## [PROBLEM]
Start at the first line of the material. Repeat each line exactly through the one containing "11500 Gulf Boulevard St Petersburg FL 33706", then stop.

RECORDS SHOWN: Begin

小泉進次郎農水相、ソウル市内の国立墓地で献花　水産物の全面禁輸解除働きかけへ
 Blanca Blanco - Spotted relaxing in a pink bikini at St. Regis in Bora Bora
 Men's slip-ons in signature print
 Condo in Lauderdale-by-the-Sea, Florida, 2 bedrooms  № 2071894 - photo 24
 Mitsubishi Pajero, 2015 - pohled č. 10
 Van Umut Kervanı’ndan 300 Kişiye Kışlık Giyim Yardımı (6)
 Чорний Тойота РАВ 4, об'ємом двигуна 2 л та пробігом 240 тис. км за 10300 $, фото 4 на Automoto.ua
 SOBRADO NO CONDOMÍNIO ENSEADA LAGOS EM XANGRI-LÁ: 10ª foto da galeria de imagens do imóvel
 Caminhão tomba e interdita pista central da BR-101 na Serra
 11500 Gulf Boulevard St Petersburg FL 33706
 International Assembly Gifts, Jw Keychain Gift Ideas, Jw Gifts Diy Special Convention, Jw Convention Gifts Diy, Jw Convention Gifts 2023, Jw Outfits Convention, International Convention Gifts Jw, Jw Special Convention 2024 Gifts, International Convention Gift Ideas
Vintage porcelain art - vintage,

RECORDS SHOWN: End

## [PROBLEM SOLUTION]
小泉進次郎農水相、ソウル市内の国立墓地で献花　水産物の全面禁輸解除働きかけへ
 Blanca Blanco - Spotted relaxing in a pink bikini at St. Regis in Bora Bora
 Men's slip-ons in signature print
 Condo in Lauderdale-by-the-Sea, Florida, 2 bedrooms  № 2071894 - photo 24
 Mitsubishi Pajero, 2015 - pohled č. 10
 Van Umut Kervanı’ndan 300 Kişiye Kışlık Giyim Yardımı (6)
 Чорний Тойота РАВ 4, об'ємом двигуна 2 л та пробігом 240 тис. км за 10300 $, фото 4 на Automoto.ua
 SOBRADO NO CONDOMÍNIO ENSEADA LAGOS EM XANGRI-LÁ: 10ª foto da galeria de imagens do imóvel
 Caminhão tomba e interdita pista central da BR-101 na Serra
 11500 Gulf Boulevard St Petersburg FL 33706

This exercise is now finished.